• **SUPPLIED INFORMATION**:
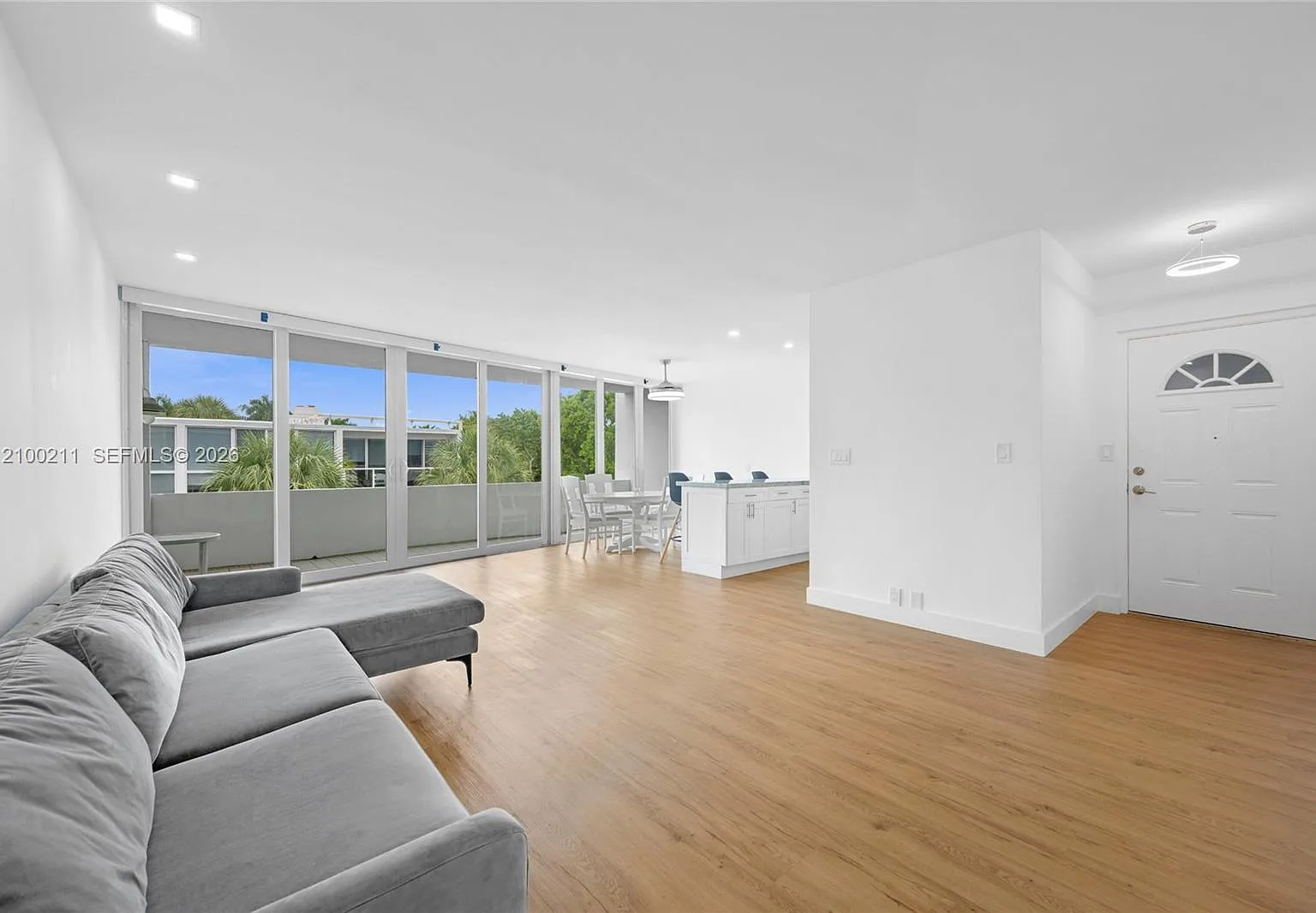10210 Lanai Condo — Photo 2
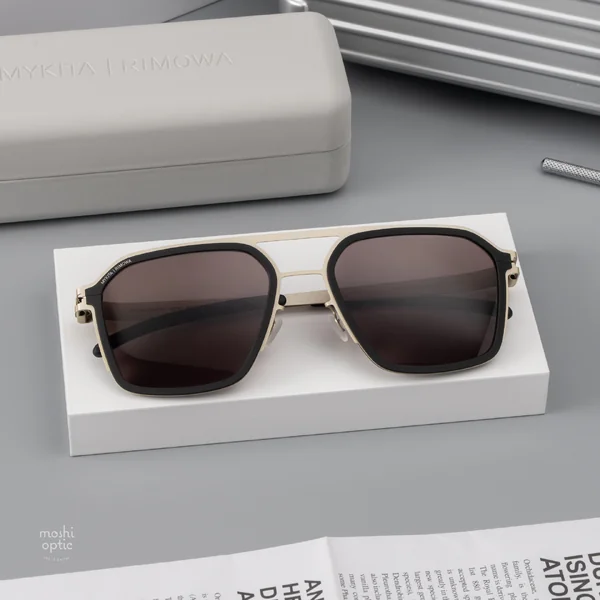 แว่นกันแดด MYKITA RIMOWA SUN MR003 AL3 TITAN BLACK BROWN SOLI image 2 แว่นกันแดด MYKITA RIMOWA SUN MR003 AL3 TITAN BLACK BROWN SOLI image 2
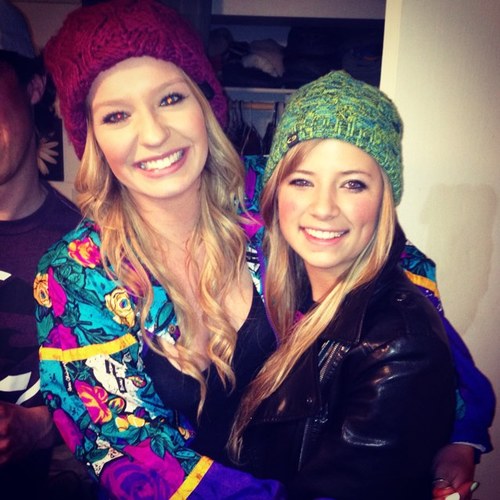 ShelbyDel's profile picture. Real Estate. Wine. Very Good Time.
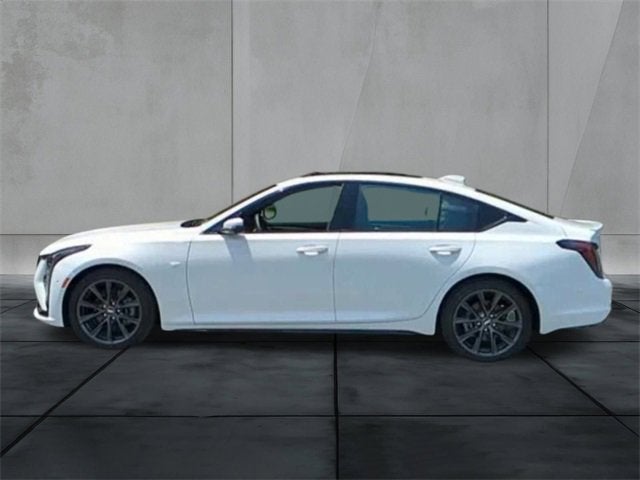 2025 Cadillac CT5 Sport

• **TASK**:
Restate the material word for word; no picture should appear in the copy.

• **COMPLETED EXERCISE**:
10210 Lanai Condo — Photo 2
 แว่นกันแดด MYKITA RIMOWA SUN MR003 AL3 TITAN BLACK BROWN SOLI image 2 แว่นกันแดด MYKITA RIMOWA SUN MR003 AL3 TITAN BLACK BROWN SOLI image 2
 ShelbyDel's profile picture. Real Estate. Wine. Very Good Time.
 2025 Cadillac CT5 Sport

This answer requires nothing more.